● **Aim of the exercise**: Before copying, set the images aside; then transcribe every entry below exactly.

(Extracted data entries)
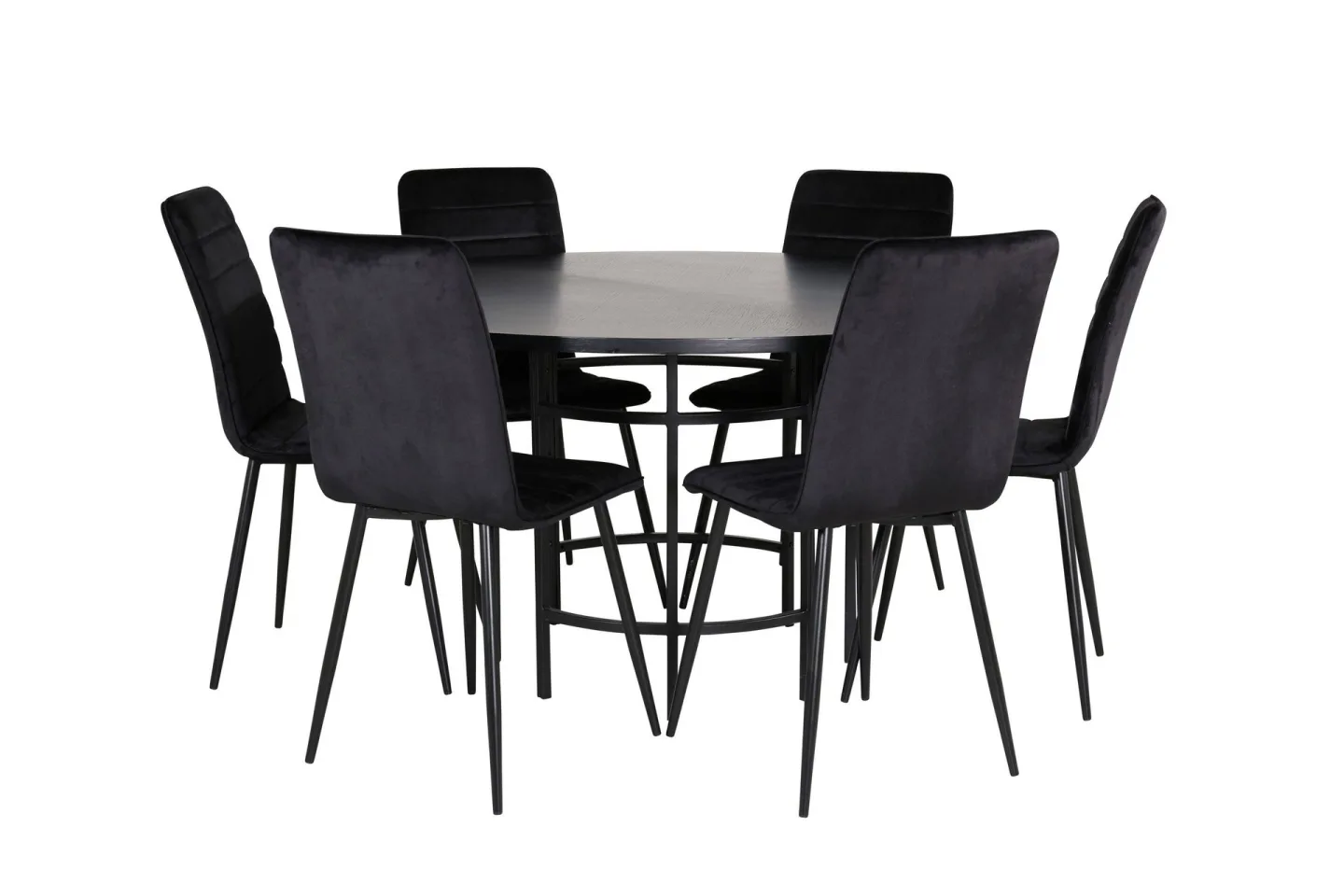 Copenhagen Matgrupp 140 cm Rund med 6 Windu Lyx stolar - Svart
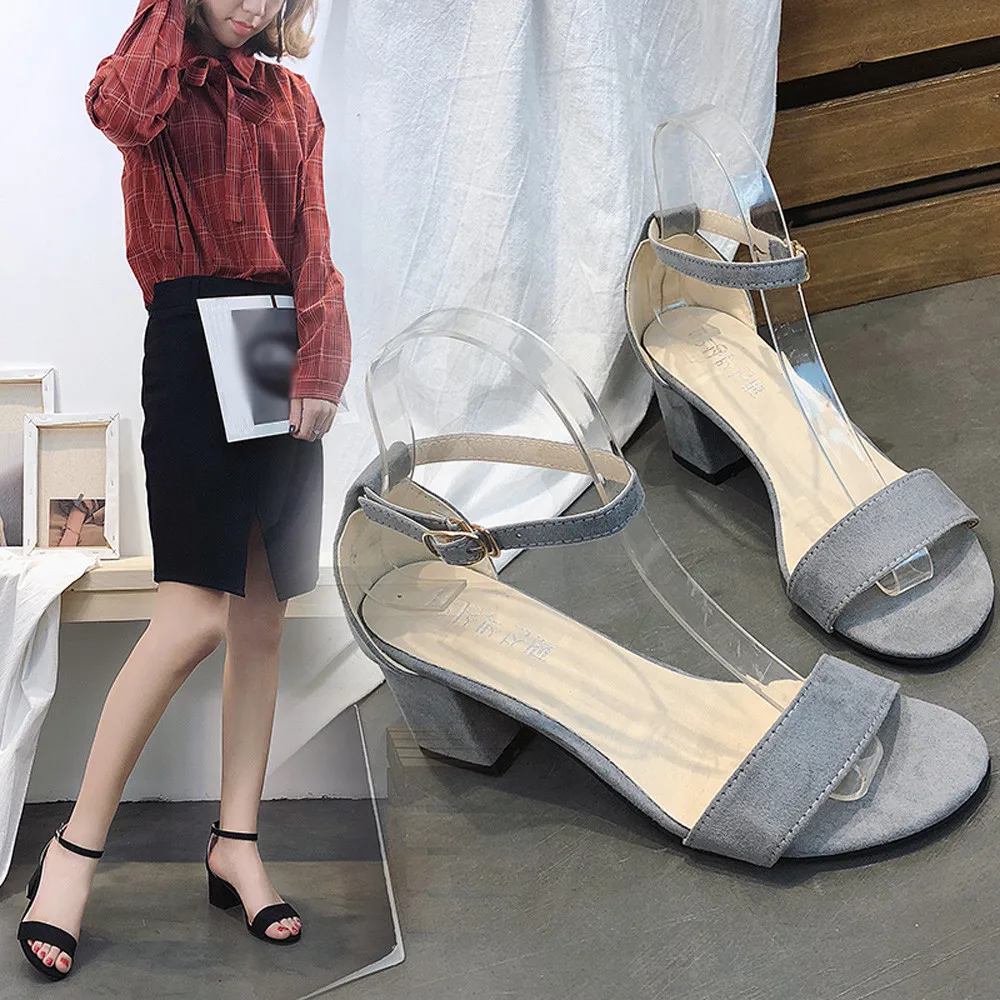 

Fashion Women Ladies Sandals Ankle Mid Heel Block Party Open Toe Shoes #g6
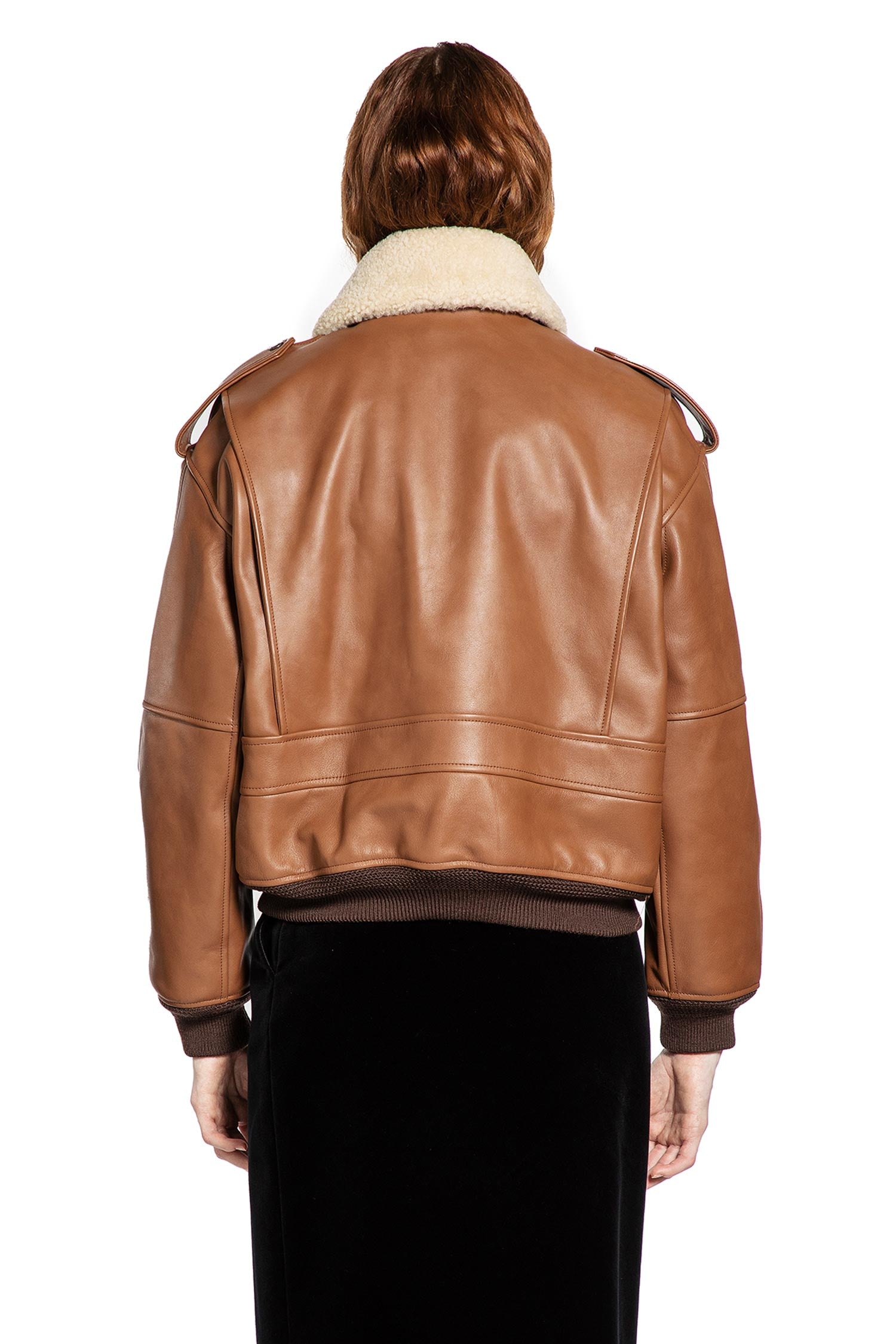 Bomber in Grained Leather and Shearling
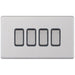 Selectric 5M-Plus Screwless Satin Chrome 4 Gang 10A 2 Way Switch with Grey Insert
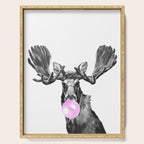 Bubble Gum Moose in Black and White Serving Tray Gallery Image 1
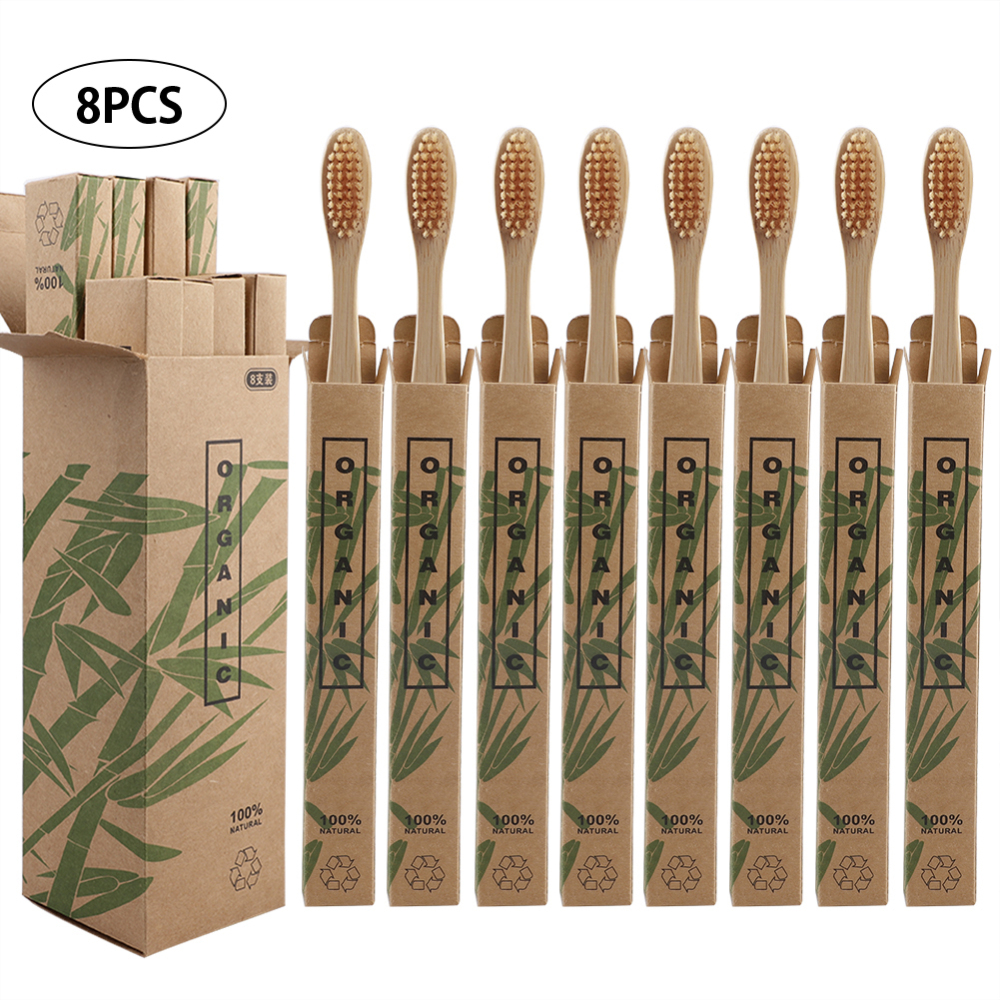 8 stk rejse miljøvenlige bambus træ tandbørster børstehår mundtand børste tandblegning voksen mundpleje: Beige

● **Solution**:
 Copenhagen Matgrupp 140 cm Rund med 6 Windu Lyx stolar - Svart

Fashion Women Ladies Sandals Ankle Mid Heel Block Party Open Toe Shoes #g6
 Bomber in Grained Leather and Shearling
 Selectric 5M-Plus Screwless Satin Chrome 4 Gang 10A 2 Way Switch with Grey Insert
 Bubble Gum Moose in Black and White Serving Tray Gallery Image 1
 8 stk rejse miljøvenlige bambus træ tandbørster børstehår mundtand børste tandblegning voksen mundpleje: Beige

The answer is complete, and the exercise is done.